Watson Institute for International and Public Affairs
Taubman Center

Scott Allard – Places in Need: The Changing Geography of Poverty

Monday, February 12, 2018

4:30 p.m. – 5:30 p.m.

Joukowsky Forum

Book signing and reception to follow

Poverty problems in the U.S. are commonly thought to be urban problems, yet there are many million more poor people in suburban America today than in cities. Far from being just an interesting demographic phenomena, the suburbanization of poverty creates challenges for a safety net that has been predicated on the concentration of poverty in cities since the War on Poverty. Places in Need by former Brown University professor Scott W. Allard explores both the changing geography of poverty in metropolitan America and its consequences for safety net policy moving forward.

Learn more about his book here.

Panelists:
Roberto Gonzales, Professor of Education, Harvard Graduate School of Education
Margaret Weir, Professor of Political Science, Brown University
Michael White, Professor of Population Studies and Professor of Sociology, Brown University

Moderator:
Susan Moffitt, Director, Taubman Center for American Politics and Policy

Scott W. Allard is Professor of Public Policy and Governance at the University of Washington's Evans School of Public Policy and Governance with expertise in the areas of social welfare policy and poverty. Allard is also a nonresident senior fellow at the Brookings Institution’s Metropolitan Policy Program and co-primary investigator of the Family Self-Sufficiency Data Center at the University of Chicago. His primary research interests are in work and safety net program participation, spatial variation in the delivery of social welfare programs, food security, and the role of nonprofit organizations in the safety net.

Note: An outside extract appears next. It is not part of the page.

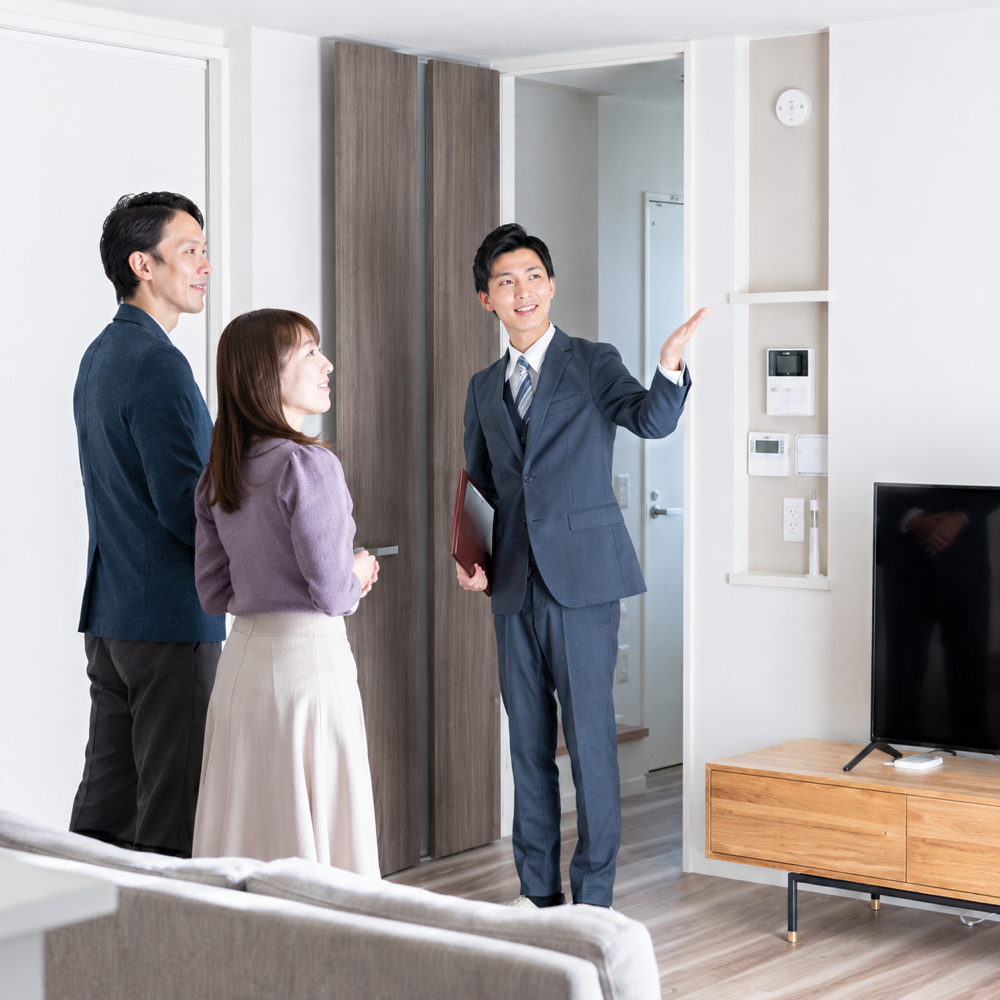 物件を案内する不動産スタッフ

Allard has published several articles on the geography of contemporary social welfare policy, residential mobility and spatial mismatches in urban labor markets, and on social service delivery in the post-welfare reform in the Journal of Politics, the Journal of Policy Analysis and Management, Housing Policy Debate, Policy Studies Journal, Publius: The Journal of Federalism, and Urban Affairs Review. He has received research grants from sources including the Department of Health and Human Services (HHS), Department of Housing and Urban Development (HUD), The Brookings Institution, and the Russell Sage Foundation. He received his PhD in political science from the University of Michigan.